第14話 目指す

 ㅤお家に帰ったら、誰かに伝えたいことがあった。

「ただいま」

「おかえり、あれ、元気になった?」

 ㅤ少し大きな声でただいまを言ったワタシに、お母さんが尋ねた。

「何が?」

「だって朝、すごく静かだったじゃない。普段分けて食べるご飯とお味噌汁も、ごちゃ混ぜにして食べてたし」

「そうだっけ」


 ㅤ正直、記憶がない。それに、混ぜて食べたことは過去にもあったと思うけど。心配されていたということで、とりあえず反論するのはやめておく。


「そっかごめん、もう大丈夫」


 ㅤそう告げて、適当な私服に着替えて夕飯までの時間を過ごした。そして今日は帰りが遅いお父さんが帰宅する前に、夕飯の準備が終わった。


「いただきます」

 ㅤおババとお母さんが揃ってるこの時間に、何となく伝えたいことがあった。


「ワタシね、宇宙に行きたいと思うの」


 ㅤ突然の話に、お母さんはお箸とお椀を持ちながら、目が点になった。
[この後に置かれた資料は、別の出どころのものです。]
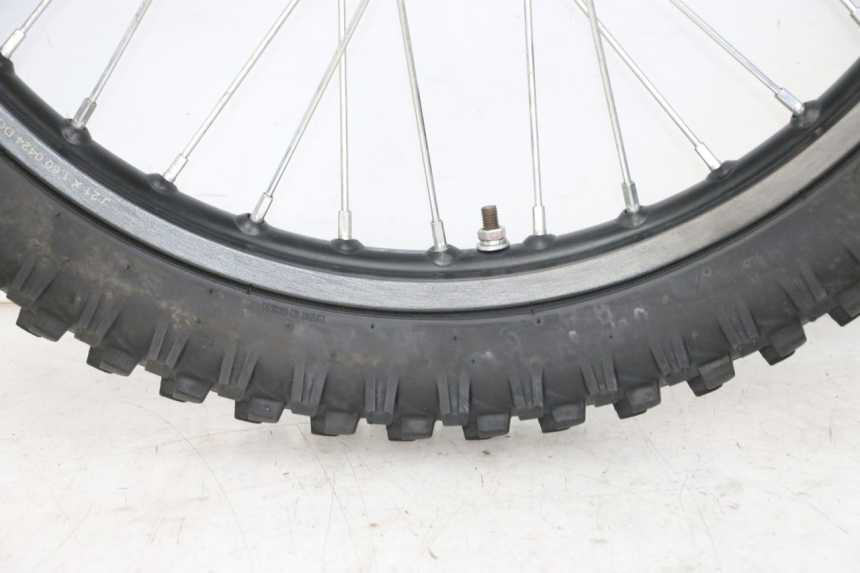 photo de CERCHIO ANTERIORE E PNEUMATICO SMALL MX THUNDER 250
おババは話を聞いていないようで、聞いている素振りで食事を続けた。


「宇宙って、あの宇宙?」

「そう、行きたいと思うの」

「なんでまた」

「たいした理由なんかないよ」


 ㅤ本当は、そこそこの理由がある。それは、星の人を探すため。もしかしたら同じ星のどこかに住んでいるかもしれないけど、そうじゃないかもしれない。というか、そんな気がしてる。だから可能性を広げるために、宇宙を目指したい。自分の人生の可能性を広げることにもなるかもしれないし。
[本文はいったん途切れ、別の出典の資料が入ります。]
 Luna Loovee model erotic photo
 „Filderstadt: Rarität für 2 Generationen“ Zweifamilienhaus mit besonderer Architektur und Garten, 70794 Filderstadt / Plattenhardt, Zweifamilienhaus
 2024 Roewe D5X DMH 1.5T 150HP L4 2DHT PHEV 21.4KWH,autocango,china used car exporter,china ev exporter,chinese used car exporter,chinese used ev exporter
「うーん、まぁ、マァちゃんがこれまでそんなこと言い出すことはなかったからな。お母さんはどう思う?」

「一度の人生だからね」


 ㅤおババは目線はこちらに向けずに、短い言葉で賛成の意を示してくれた。


「じゃあまぁ、いいでしょう。お父さんには私から伝えておく。といってもまだ、本当に行けると決まったわけじゃないからね」

「うん」


 ㅤただ、宇宙に行くこと自体は今の時代、そう難しいことじゃない。昔はそれなりに苦労したようだけど。だってワタシたちは、

「ただいまぁ」

「あれ、もう帰ってきた。おかえりなさい」

 ㅤお母さんが玄関の方へお父さんを迎えに行く。当たり前だけど、当たり前じゃない家族の形。そして居間に残ったおババは、


「いってらっしゃい」


と、ワタシの目を、少し下から覗くように見て、笑顔でだいぶ早めの挨拶をしてくれた。